IMPORTANT: This contest has a two-phase format which has quantitative round which is this marathon match and then a qualitative round following this match where you will get a chance to support your submissions qualitatively. Please read carefully at the end of the statement for more details. The qualitative round has a very exciting prize purse in addition to MM prizes and every member submitting in this match is encouraged and welcomed to submit in that round.
The best 4 performers of this contest (according to system test results) will receive the following prizes:
- 1st place: $4,000
- 2nd place: $3,000
- 3rd place: $2,000
- 4th place: $1,000
Please note: The above prizes will be awarded to the marathon match top finishers. The prizes of the follow-up qualitative round mentioned earlier are additional to the above prizes. Please read at the end for details on that prize structure.
ToxCast Project Background
In 2005, the federal government launched Tox21, an initiative to use in vitro high-throughput screening (HTS) to identify what proteins, pathways, and cellular processes chemicals interact with and at what concentration they interact. The goal is to use the screening data to more cost-effectively and efficiently prioritize the thousands of chemicals that need toxicity testing and, in the future, predict the potential human health effects of chemicals. Tox21 currently pools the resources and expertise of EPA, National Institutes of Environmental Health Sciences/National Toxicology Program, National Institute of Health/National Center for Advancing Translational Sciences, and the Food and Drug Administration to screen almost 10,000 chemicals.
One of EPA’s main contributions to Tox21 is the Toxicity Forecaster or ToxCast for short. The first phase of ToxCast was designed as a "proof-of-concept" and was completed in 2009. It evaluated approximately 300 chemicals in over 500 biochemical and cell-based in vitro HTS assays. The 300 chemicals selected for the first phase were primarily data rich pesticides that have a large battery of in vivo toxicity studies performed on them. Data collection on the second phase of ToxCast was completed in 2013. The second phase evaluated approximately 1,800 chemicals in an expanded set of over 700 biochemical and cell-based in vitro HTS assays.
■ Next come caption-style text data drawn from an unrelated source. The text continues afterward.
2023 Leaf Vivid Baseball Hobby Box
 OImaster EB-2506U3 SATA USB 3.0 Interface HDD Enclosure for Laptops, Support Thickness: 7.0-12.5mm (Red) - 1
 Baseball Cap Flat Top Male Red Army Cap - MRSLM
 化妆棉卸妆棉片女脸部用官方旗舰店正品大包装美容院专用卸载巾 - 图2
The 1,800 chemicals were from a broad range of sources, including industrial and consumer products, food additives, and potentially "green" substances that could be safer alternatives to existing chemicals. These chemicals were not as data rich as those selected for the first phase and many do not have in vivo toxicity studies. The in vitro data are accessible through the interactive Chemical Safety for Sustainability Dashboard (iCSS) and raw data files are also posted to the Dashboard web page.
In addition to the in vitro HTS data, the EPA has created a complementary Toxicity Reference Database (ToxRefDB), which comprehensively captures results from in vivo animal toxicity studies. ToxRefDB provides detailed chemical toxicity data from over 30 years and $2 billion in animal testing, in a publicly accessible and computable format.
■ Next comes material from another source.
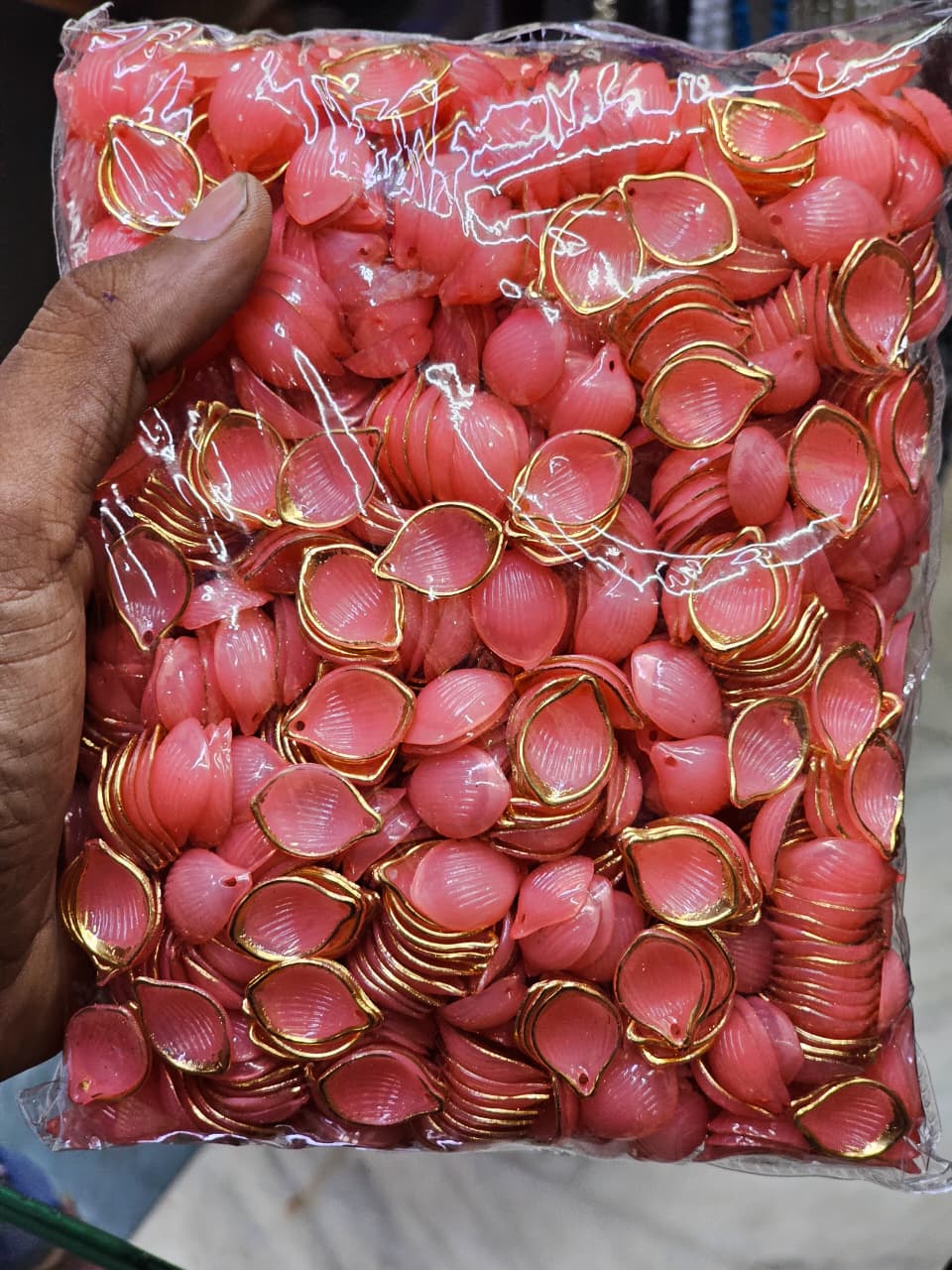 Peach Artificial Rose Petals – 500g Pack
Motivation and Definition of LEL
People are exposed to many man-made chemicals throughout their lives. These include food ingredients and additives, pesticides, cosmetics, medicines, cleaners, solvents, etc. Historically, a series of standard animal studies have been used as a means to evaluate whether a chemical can cause a range of different adverse effects and at what dose these effects occur. The term "systemic toxicity" is often used because the effects can occur in different organ systems such as the liver, kidney, lungs, etc.
The systemic Lowest Effect Level or LEL is the lowest dose that shows adverse effects in these animal toxicity tests. The LEL is then conservatively adjusted in different ways by regulators to derive a value that can be used by the Agency to set exposure limits that are expected to be tolerated by the majority of the population.
Ideally, every chemical to which we are exposed would have a well-defined LEL. However, the full battery of animal studies required to estimate the LEL costs millions of dollars and takes many months to complete. As a result, thousands of chemicals lack the required data needed to estimate an LEL. To help fill this gap, the EPA has screened nearly 2,000 chemicals across a battery of more than 700 biochemical and cell-based in vitro assays to identify what proteins, pathways, and cellular processes these chemicals interact with and at what concentration they interact.
The goal of this challenge is to build a prediction model (algorithm) using data from high-throughput in vitro assays, chemical properties, and chemical structural descriptors to quantitatively predict a chemical’s systemic LEL.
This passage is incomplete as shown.